__PROVIDED DATA__:
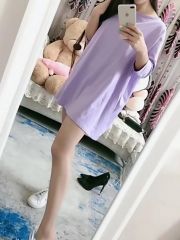 迷人小妖精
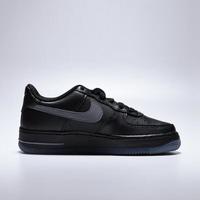 NIKE AIR FORCE 1 GS休闲鞋 IM6027-010 40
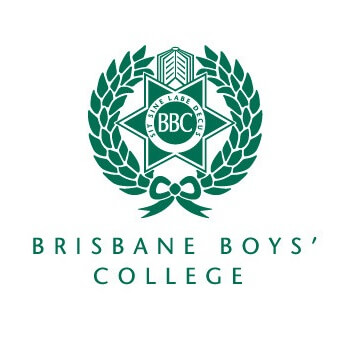 Full Spectrum Education - Home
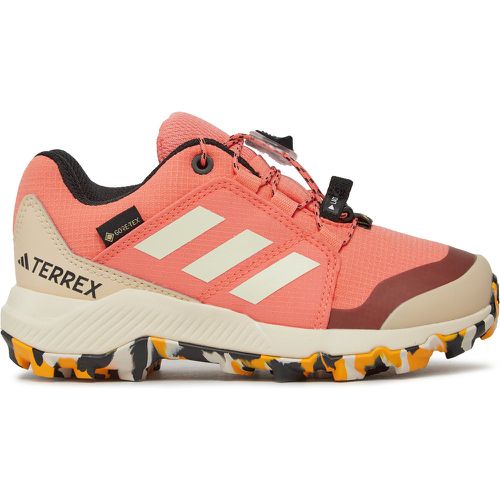 Scarpe da trekking Terrex GORE-TEX Hiking Shoes IF7520 - Adidas - Modalova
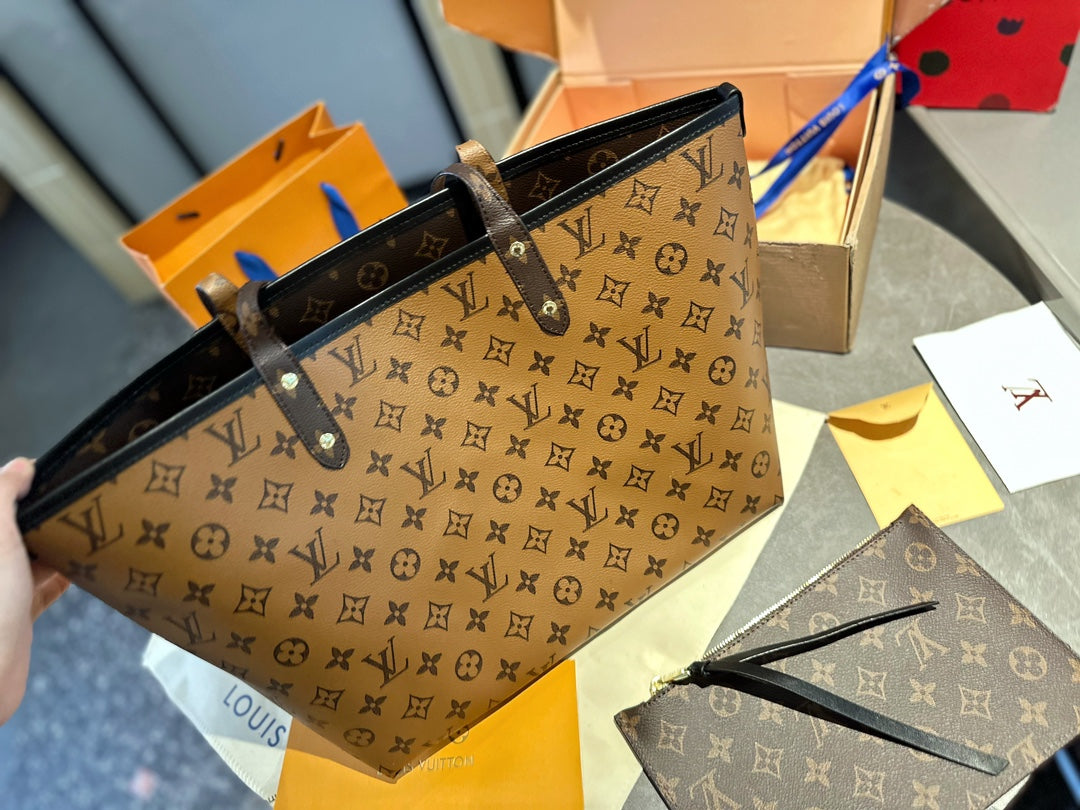 LV-BAG803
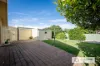 65 Federation Avenue, Horsham, Vic 3400-Image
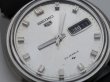 画像10: SEIKO 5 (10)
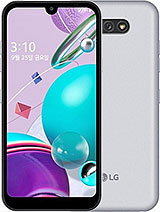 LG Q Stylus at Gjs.mymobilemarket.net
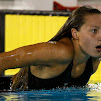 Flávia Delaroli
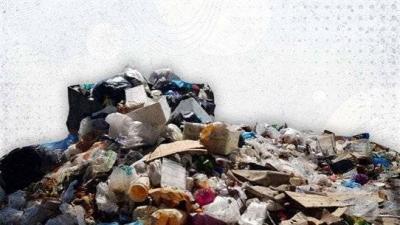 After Ammonium… Will Methane Gas Explode in Lebanon?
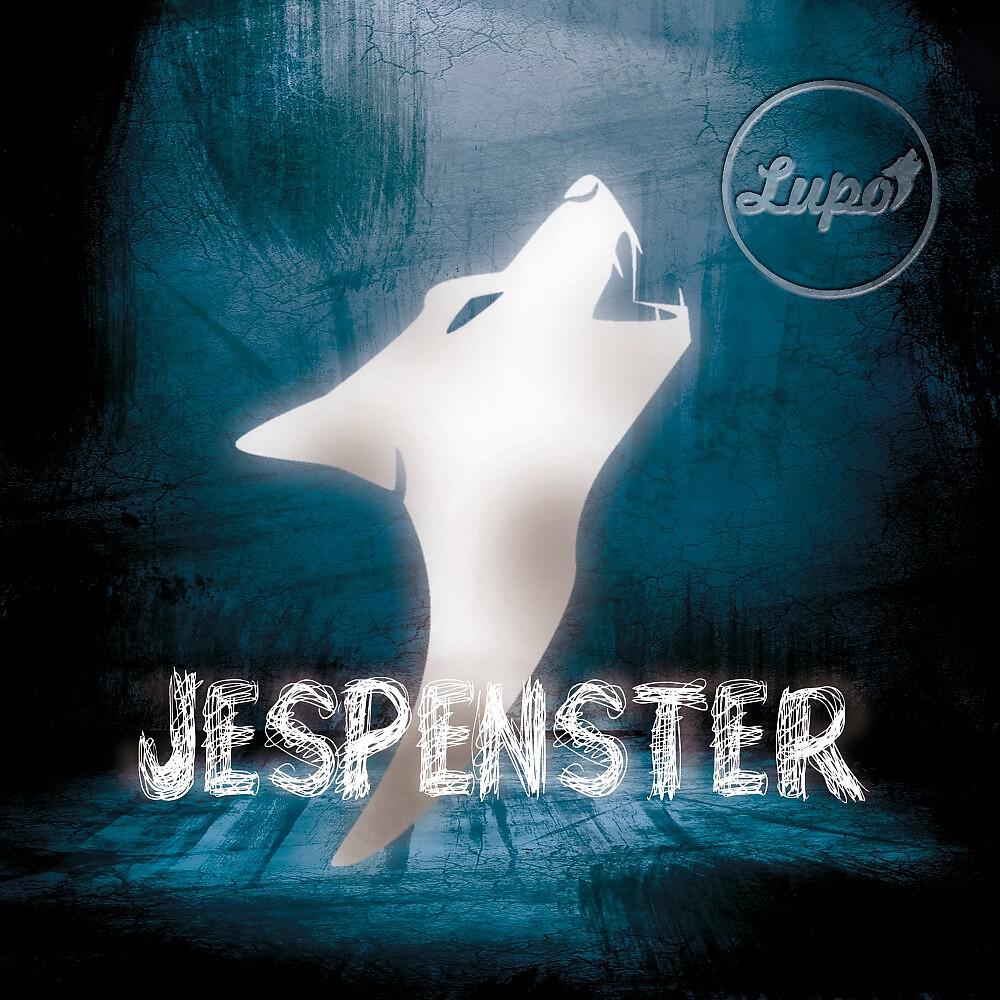 Lupo - Wölfe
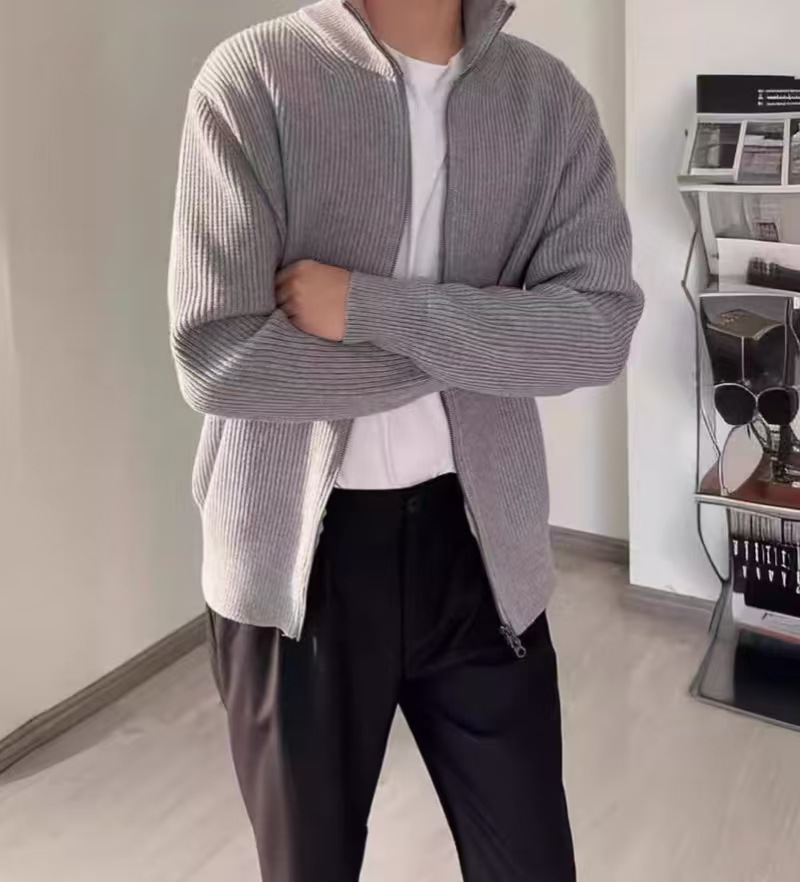 Light gray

__PROBLEM__: Without the pictures, repeat the listing exactly as it reads.

__TASK SOLUTION__:
 迷人小妖精
 NIKE AIR FORCE 1 GS休闲鞋 IM6027-010 40
 Full Spectrum Education - Home
 Scarpe da trekking Terrex GORE-TEX Hiking Shoes IF7520 - Adidas - Modalova
 LV-BAG803
 65 Federation Avenue, Horsham, Vic 3400-Image
 画像10: SEIKO 5 (10)
 LG Q Stylus at Gjs.mymobilemarket.net
 Flávia Delaroli
 After Ammonium… Will Methane Gas Explode in Lebanon?
 Lupo - Wölfe
 Light gray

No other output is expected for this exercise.